Thorough records are not only a good habit, but will help you stay focused and accountable.


3. Form primary project questions, and divide the work into streams accordingly

On the point of staying focused, an excellent piece of advice I received from Craig was to have three overarching project questions or objectives. This really helped me as project lead to have a clear idea of how everyone’s work fit together. It meant we also then had three streams of team members who would work more closely together. An added bonus of doing this was that planning the final presentation became relatively simple, since there was already a story and structure within these questions.

Keep in mind three overarching questions your project will answer, and work within them.


4. Communicate efficiently

Standups were an important part of the day for everyone to understand how the project was tracking. Since we struggled initially to keep ours efficient, here are a few takeaway pointers:
i. Setting is important. Make sure you are actually all standing, away from computers and other distractions.
Ii. Keep it short. Set a time limit, and try to keep each person’s update to 1-2 minutes maximum. It is the role of the facilitator to make sure everyone participates, and that the meeting keeps moving.
Iii. Keep it focused. Everyone does not need to know every detail of what you’re doing. This is a time to bring up problems and set up subsequent meetings, it is not the time to solve all problems.

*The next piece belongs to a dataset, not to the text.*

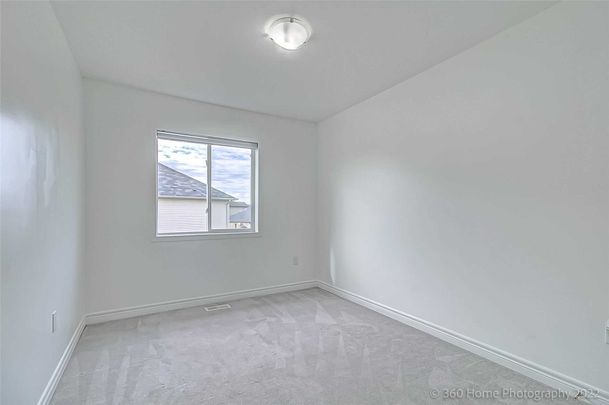 For Lease - 3 Bradbury Road, Hamilton, Ontario - Photo 1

Communication is important between streams, but keep it efficient and focused.


5. Pace yourselves throughout the week, and remember to leave time for practice!

Since it is a week long project, work at it consistently, and make sure you account for time to practice and compile your work towards the end. A key piece of advice we kept hearing was to enforce a dry run on Thursday afternoon regardless of progress. This is an opportunity to ensure there are no significant overlaps we have overlooked, and that everything flows and is consistent. It is also a crucial time for feedback, and then making sure there is enough time to make changes before the final presentation.

Absolutely prioritise these practices (ideally Thursday afternoon!). It really makes a world of difference in how smoothly your final presentation and handover goes.


As you can probably see, there was much to be learnt from just one client project week. So I look forward to the many still to come, and watching us improve and grow together as a team!